The command is rooted not in a care for dietary purity for the sake of health (not that that isn’t important in its own right), but is firmly rooted in the salvation which God won for his people from slavery in the land of Egypt. In case you’re still unsure, consider also this firm foundation of salvation that caps off God’s commands in other places (Ex. 20:2; 29:46; Lev. 19:36-37; 22:31-33; 23:43; 25:37-38; Num. 15:41; Deut. 5:6; 15:15; 16:3; 20:1; 24:22; Ps. 81:10).

These laws exist to keep the people of Israel fixed upon their Savior, but their shortcoming is that they do nothing to address the spirit of the law within the person; which is to say, they are powerless to affect lasting change the heart of those who obey. Christ on the other hand, points his disciples to the very near realities of the New Covenant in his blood.

For God has done what the law, weakened by the flesh, could not do.  By sending his own Son in the likeness of sinful flesh and for sin, he condemned sin in the flesh, in order that the righteous requirement of the law might be fulfilled in us, who walk not according to the flesh but according to the Spirit.

(Romans 8:3-4)

 

Jesus says in Mark seven that it is what comes out of a person that defiles them.
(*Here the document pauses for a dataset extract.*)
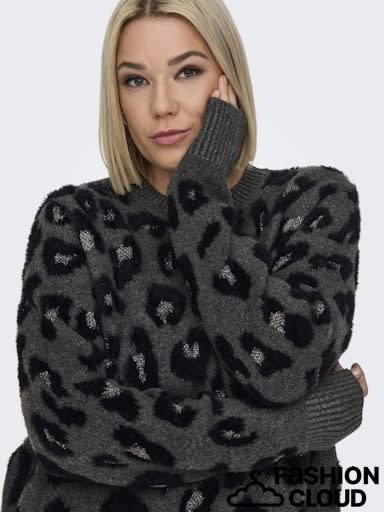 ONLY CARMAKOMA CARSARA LS JQ GLITTER O-NECK KNT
This means that the very heart of the person is what needs transformation, and this is exactly what God promised he would do:

Behold, the days are coming, declares the LORD, when I will make a new covenant with the house of Israel and the house of Judah, not like the covenant that I made with their fathers on the day when I took them by the hand to bring them out of the land of Egypt, my covenant that they broke, though I was their husband, declares the LORD. For this is the covenant that I will make with the house of Israel after those days, declares the LORD:  I will put my law within them, and I will write it on their hearts.  And I will be their God, and they shall be my people.

(Jeremiah 31:31-33)

 

Why do we not keep the food laws? Why do we mix fibres in the clothing we wear? Why may we plant a field with two kinds of seed? Because the great salvation of Old Testament that these outward laws represent has been surpassed by the greater salvation of Jesus Christ. Why do we keep the laws regarding holiness, sexual immorality, adultery, idol worship, theft and covetousness? Because we are actually able to do so by the inward power of the Holy Spirit with a heart that has been changed by the New Covenant in Christs blood! 

The law has been nailed to the cross of Christ; He has come to fulfill the law and the prophets (Matthew 5:17). We are no longer under the curse of the law, but at the same time acknowledge that the law is good (1 Timothy 1:8) and that all scripture is God-breathed (2 Timothy 3:16). So, if you’re reading your Old Testament and you come across a command and wonder if you are to be obedient to it, ask the question, “Is this an issue that comes from the heart? Or, is it an outward expression of a salvation that is good, but has ultimately been surpassed by the salvation that has been accomplished in Christ?” If it is an issue that comes from the heart, then we ask the Father in the name of His Son to change our hearts by the indwelling power of the Holy Spirit.